レオスが見に行く前に、マリベルが止めた。
「今度は私が行くわ」
「なぜですか」
「レオスだと顔に出すぎるもの」
「それはそうです」
レオスが少し不満そうにした。
だが、否定できなかったらしい。
マリベルは人混みをすり抜けていく。
しばらくして、戻ってきた。
笑っていなかった。
「ヨウカ」
「はい」
「次、三年生」
来た。
とうとう来た。
「武器は?」
「剣。上位ではないけど、今回勝ち残っている時点で弱くはないわ」
「でしょうね」
喉が少し乾いた。
二年生に二人勝った。
それでも、三年生は違う。
体格。
経験。
魔力量。
試合慣れ。
全部、少しずつ上がる。
カリンは三年生で四年生に勝った。
でも、カリンはカリンだ。
俺ではない。
「名前は?」
マリベルは掲示板の方を見た。
「ディオン」
知らない名前。
三年生。
剣。
上位ではない。
だが、弱くはない。
俺は息を吐いた。
一つ勝った。
二つ勝った。
それで終わりではない。
勝てば、次はもっと強い。
当たり前だ。
当たり前なのに、少しだけ笑いそうになった。
怖い。
でも、嫌ではない。
いや、嫌ではある。
かなり嫌ではある。
「ヨウカさん?」
リーナが心配そうに見る。
俺は首を振った。
「大丈夫です」
「本当に?」
「少し疲れています」
「少しではないと思います」
それはそうだ。
かなり疲れている。
でも、記録しておかなければならない。
俺は記録板を開いた。
二回戦、勝利。
ラウル、剣と土。
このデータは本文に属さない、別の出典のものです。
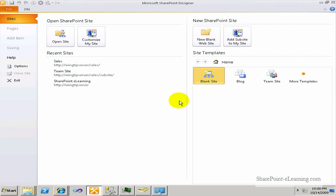SharePoint Designer 2010 is the premier tool to configure and customize SharePoint 2010. Best of all, it's a free software package provided by Microsoft. Having said that, formal training in the use of this tool is a necessity to use it properly without causing unintended damage to your SharePoint environment.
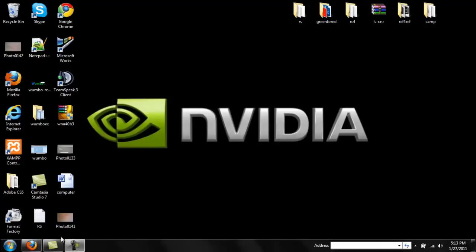Hey guys, I'm lolumad, or COD5SIMP is my channel name, and I'm going to be starting a series for a tutorial on how to get started on scripting Pawn and basically starting up a SAMP server.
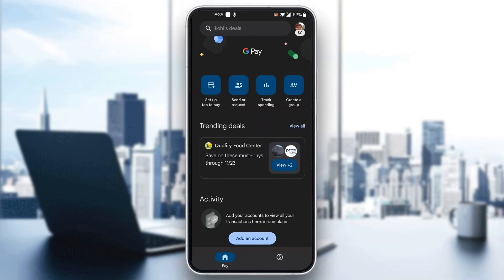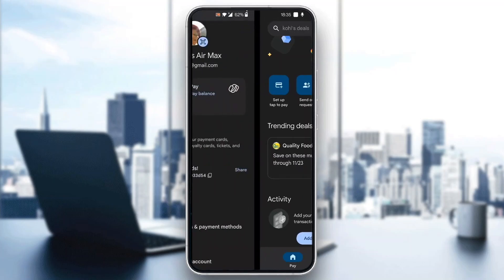The first thing you have to do is click on your profile picture in the upper right corner. After clicking on it, it will open up a new menu where you'll be able to see all the options you can access, such as your balance.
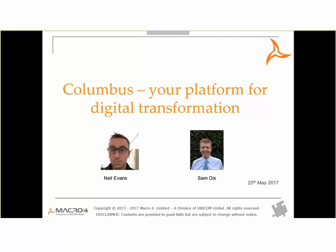Good afternoon, everybody. Thanks for attending today's webinar entitled Columbus: Your Platform for Digital Transformation. My name is Sam Dix. I'm a client service consultant at Macro 4, offering technical account management for your Macro 4 solutions. I'll be moderating the session today alongside my colleague Neil Evans, head of research and development for Columbus Solutions, who will be taking you through the latest news. After the presentation and demos, we'll address any immediate questions you may have regarding product development directions.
土札経由。左手、剣先低下。
光、牽制有効。弱いが視線と足を動かせる。
闇、剣筋を一瞬ずらすには有効。重い攻撃は抱え込まない。
精霊、未使用。
疲労、大。
そこで手が止まる。
次戦。
ディオン。三年生。剣。
俺は最後に一行足した。
二年生には届いた。
三年生には、まだ分からない。
記録板を閉じる。
どうやら、足元も試されるらしい。